El Señor manifestó su victoria, reveló su justicia a los ojos de las naciones: se acordó de su amor y su fidelidad en favor del pueblo de Israel. R.
Los confines de la tierra han contemplado el triunfo de nuestro Dios. Aclame al Señor toda la tierra, prorrumpan en cantos jubilosos. R.
Evangelio según San Juan 1,19-28
Este es el testimonio que dio Juan, cuando los judíos enviaron sacerdotes y levitas desde Jerusalén, para preguntarle: "¿Quién eres tú?". El confesó y no lo ocultó, sino que dijo claramente: "Yo no soy el Mesías". "¿Quién eres, entonces?", le preguntaron: "¿Eres Elías?". Juan dijo: "No". "¿Eres el Profeta?". "Tampoco", respondió. Ellos insistieron: "¿Quién eres, para que podamos dar una respuesta a los que nos han enviado? ¿Qué dices de ti mismo?". Y él les dijo: "Yo soy una voz que grita en el desierto: Allanen el camino del Señor, como dijo el profeta Isaías". Algunos de los enviados eran fariseos, y volvieron a preguntarle: "¿Por qué bautizas, entonces, si tu no eres el Mesías, ni Elías, ni el Profeta?". Juan respondió: "Yo bautizo con agua, pero en medio de ustedes hay alguien al que ustedes no conocen: él viene después de mí, y yo no soy digno de desatar la correa de su sandalia". Todo esto sucedió en Betania, al otro lado del Jordán, donde Juan bautizaba.
COMENTARIO
En esta Navidad y Año Nuevo, nos toca confesar y anunciar que Jesús es el Cristo como lo hizo Juan el Bautista. Y no inventarnos un Jesús a nuestra imagen y semejanza. No hacer de Dios un ídolo.

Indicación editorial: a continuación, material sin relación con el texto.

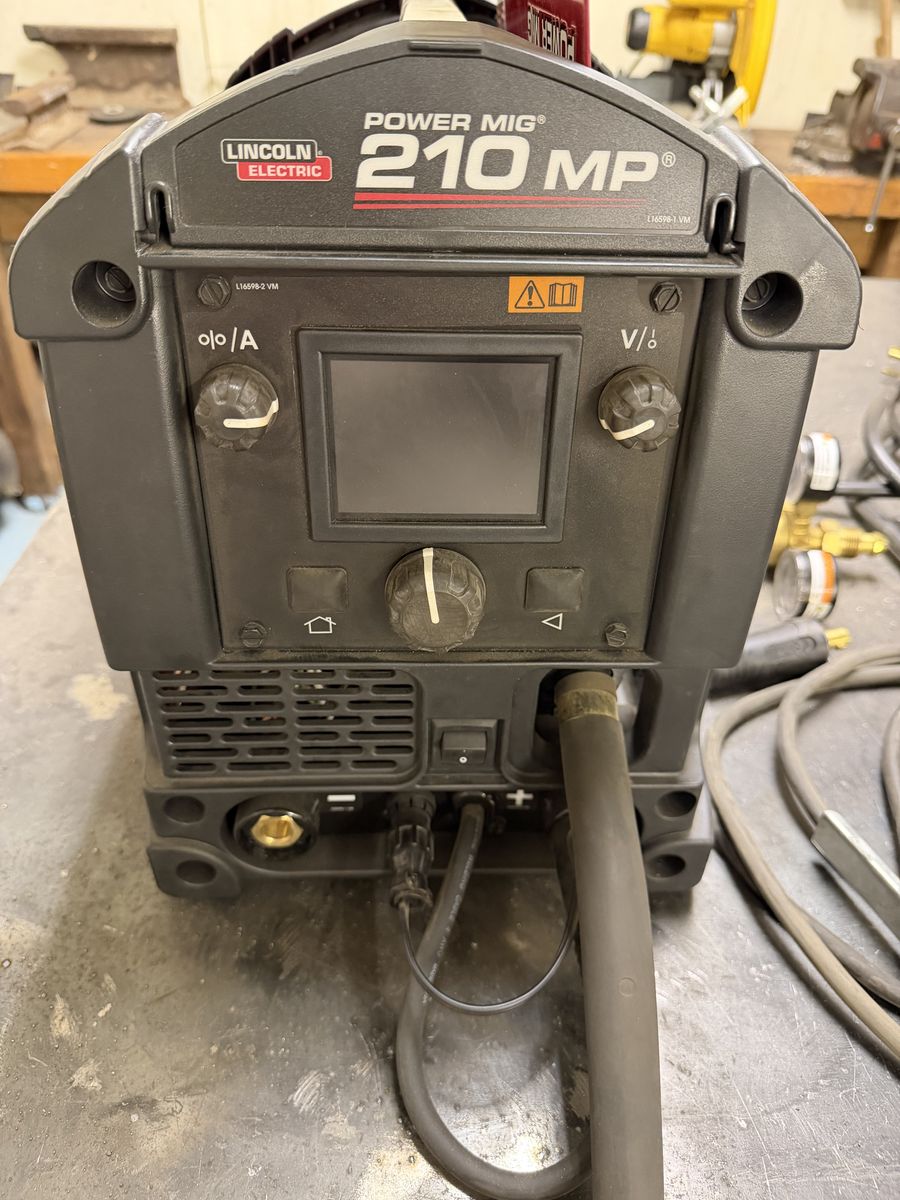 Welder Lincoln 210 power mig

Por eso nuestra tarea más urgente como Iglesia es volver al evangelio de Jesús. Buscar continuamente su rostro. Este es el método apropiado que consiste en ser esencialmente oyentes de la Palabra, escuchándola atentamente y realizándola en nuestra praxis eclesial. Convertidos así como Juan Bautista en testigos autorizados de su persona y del proyecto completo de Jesús como anunciador, celebrador y realizador del reino de Dios. El Espíritu que permanece en nosotros es nuestro maestro para saber leer en este año que empieza el evangelio.
Para decir "sí" a Cristo Jesús hay que decir "no" como el Bautista a nosotros mismos y a las imágenes equivocadas que inventamos sobre Él. Bella y urgente tarea al comienzo de este año. ¿No te parece?.